Among the following entries, say how many lines contain the word "Style"; the answer is a number and nothing else.

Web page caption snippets
%%
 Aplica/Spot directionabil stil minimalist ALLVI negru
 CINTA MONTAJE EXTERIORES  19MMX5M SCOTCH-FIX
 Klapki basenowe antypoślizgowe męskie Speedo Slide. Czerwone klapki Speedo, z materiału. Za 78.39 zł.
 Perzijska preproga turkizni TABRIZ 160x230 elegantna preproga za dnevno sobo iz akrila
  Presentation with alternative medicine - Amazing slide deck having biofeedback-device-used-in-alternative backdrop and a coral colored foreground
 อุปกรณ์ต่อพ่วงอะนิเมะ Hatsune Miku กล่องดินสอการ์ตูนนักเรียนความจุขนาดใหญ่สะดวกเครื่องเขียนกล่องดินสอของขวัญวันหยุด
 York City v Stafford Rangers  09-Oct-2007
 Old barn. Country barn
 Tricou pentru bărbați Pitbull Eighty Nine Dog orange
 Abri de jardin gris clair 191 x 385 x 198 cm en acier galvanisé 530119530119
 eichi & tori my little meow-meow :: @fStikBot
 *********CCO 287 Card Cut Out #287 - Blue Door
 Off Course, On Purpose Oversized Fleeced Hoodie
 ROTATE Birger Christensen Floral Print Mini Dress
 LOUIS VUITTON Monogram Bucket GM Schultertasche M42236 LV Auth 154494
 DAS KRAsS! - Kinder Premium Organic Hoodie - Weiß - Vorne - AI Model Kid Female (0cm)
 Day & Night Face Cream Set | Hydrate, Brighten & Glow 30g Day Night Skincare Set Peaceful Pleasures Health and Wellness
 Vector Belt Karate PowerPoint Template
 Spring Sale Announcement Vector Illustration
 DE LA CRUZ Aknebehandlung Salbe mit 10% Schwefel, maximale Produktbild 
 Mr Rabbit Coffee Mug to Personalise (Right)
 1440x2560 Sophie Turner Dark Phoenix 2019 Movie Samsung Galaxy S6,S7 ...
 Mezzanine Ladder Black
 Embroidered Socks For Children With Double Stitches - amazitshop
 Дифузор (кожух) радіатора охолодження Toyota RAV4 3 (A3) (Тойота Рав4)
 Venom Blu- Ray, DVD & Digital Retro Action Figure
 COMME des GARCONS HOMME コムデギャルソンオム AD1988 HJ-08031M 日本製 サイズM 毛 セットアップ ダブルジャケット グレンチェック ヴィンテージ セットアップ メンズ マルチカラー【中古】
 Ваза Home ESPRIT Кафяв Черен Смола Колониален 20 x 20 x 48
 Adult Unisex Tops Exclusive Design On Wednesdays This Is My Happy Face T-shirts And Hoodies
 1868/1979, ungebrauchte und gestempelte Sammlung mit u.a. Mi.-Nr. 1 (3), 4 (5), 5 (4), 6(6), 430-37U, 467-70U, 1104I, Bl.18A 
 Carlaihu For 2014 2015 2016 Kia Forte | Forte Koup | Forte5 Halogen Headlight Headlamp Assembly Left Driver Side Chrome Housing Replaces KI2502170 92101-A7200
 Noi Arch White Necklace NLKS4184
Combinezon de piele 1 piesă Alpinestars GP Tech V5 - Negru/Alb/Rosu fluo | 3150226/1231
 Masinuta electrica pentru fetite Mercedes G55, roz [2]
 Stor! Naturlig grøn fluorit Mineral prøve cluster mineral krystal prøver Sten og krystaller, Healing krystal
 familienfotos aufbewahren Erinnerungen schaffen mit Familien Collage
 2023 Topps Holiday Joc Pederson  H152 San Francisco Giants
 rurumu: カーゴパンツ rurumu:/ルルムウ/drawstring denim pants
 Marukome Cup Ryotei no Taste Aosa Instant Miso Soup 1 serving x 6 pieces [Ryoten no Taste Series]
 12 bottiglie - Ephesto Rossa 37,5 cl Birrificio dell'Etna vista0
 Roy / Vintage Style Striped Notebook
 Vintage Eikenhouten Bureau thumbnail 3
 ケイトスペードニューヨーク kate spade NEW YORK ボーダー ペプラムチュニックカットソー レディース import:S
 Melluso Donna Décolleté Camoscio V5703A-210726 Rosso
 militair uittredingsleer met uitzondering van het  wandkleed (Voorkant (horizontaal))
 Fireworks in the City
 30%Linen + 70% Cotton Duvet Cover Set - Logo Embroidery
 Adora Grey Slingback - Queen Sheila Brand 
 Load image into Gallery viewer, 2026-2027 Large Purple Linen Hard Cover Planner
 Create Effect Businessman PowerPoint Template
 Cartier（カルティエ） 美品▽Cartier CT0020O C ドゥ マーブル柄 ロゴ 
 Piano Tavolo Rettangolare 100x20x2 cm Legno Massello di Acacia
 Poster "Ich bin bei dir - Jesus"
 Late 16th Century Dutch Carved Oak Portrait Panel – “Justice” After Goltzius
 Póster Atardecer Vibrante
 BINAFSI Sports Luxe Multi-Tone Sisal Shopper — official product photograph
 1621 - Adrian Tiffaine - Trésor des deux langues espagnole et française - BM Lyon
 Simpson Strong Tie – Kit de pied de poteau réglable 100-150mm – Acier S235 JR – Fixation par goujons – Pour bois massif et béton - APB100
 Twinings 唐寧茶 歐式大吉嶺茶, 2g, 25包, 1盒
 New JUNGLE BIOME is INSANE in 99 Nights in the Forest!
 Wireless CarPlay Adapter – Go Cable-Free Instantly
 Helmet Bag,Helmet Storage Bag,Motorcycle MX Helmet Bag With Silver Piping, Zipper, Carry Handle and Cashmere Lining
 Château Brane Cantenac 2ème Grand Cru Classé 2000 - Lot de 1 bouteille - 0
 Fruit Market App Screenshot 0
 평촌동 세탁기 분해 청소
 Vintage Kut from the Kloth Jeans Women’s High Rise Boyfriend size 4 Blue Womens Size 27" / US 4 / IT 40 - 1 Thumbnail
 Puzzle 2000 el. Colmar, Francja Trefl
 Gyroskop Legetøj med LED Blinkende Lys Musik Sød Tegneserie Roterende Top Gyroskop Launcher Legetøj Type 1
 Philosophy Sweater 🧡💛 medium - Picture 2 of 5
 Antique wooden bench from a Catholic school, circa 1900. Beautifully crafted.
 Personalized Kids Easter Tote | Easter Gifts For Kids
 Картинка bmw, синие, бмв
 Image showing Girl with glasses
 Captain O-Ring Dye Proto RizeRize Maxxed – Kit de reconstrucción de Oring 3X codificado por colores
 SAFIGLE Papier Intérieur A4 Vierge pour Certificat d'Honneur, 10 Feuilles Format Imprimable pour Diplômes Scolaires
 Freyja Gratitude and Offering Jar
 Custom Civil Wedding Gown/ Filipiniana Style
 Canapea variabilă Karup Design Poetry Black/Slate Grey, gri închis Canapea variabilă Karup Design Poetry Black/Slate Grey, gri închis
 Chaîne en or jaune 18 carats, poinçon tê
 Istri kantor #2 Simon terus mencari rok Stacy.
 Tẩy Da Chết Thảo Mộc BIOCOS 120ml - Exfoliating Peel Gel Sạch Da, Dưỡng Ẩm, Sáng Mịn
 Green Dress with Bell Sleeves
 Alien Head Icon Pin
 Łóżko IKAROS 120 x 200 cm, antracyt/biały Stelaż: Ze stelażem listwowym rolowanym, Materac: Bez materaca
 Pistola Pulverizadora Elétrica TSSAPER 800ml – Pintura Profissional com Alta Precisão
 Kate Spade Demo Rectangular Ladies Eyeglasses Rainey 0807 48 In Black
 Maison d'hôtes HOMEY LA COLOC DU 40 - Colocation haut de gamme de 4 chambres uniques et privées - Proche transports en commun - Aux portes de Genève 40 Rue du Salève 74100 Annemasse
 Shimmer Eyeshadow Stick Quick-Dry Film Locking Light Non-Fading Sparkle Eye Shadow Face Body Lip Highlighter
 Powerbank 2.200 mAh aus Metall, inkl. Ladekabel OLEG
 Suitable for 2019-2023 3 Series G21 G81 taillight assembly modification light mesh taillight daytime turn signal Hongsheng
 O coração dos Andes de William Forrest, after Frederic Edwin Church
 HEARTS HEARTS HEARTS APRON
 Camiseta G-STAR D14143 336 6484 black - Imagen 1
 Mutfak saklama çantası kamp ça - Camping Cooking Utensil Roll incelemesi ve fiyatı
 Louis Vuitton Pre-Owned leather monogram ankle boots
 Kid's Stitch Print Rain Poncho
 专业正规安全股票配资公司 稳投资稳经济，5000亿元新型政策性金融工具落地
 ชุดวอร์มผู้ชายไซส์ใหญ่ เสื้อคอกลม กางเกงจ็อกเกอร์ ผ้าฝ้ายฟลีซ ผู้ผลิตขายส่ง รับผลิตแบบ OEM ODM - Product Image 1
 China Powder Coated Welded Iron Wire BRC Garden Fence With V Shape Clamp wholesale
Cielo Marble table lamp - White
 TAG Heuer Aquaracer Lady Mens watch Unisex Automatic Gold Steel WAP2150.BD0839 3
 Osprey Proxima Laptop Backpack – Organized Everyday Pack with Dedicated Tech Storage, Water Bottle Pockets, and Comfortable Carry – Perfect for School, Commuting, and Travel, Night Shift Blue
%%
SOLUTION TO THE PROBLEM ::
2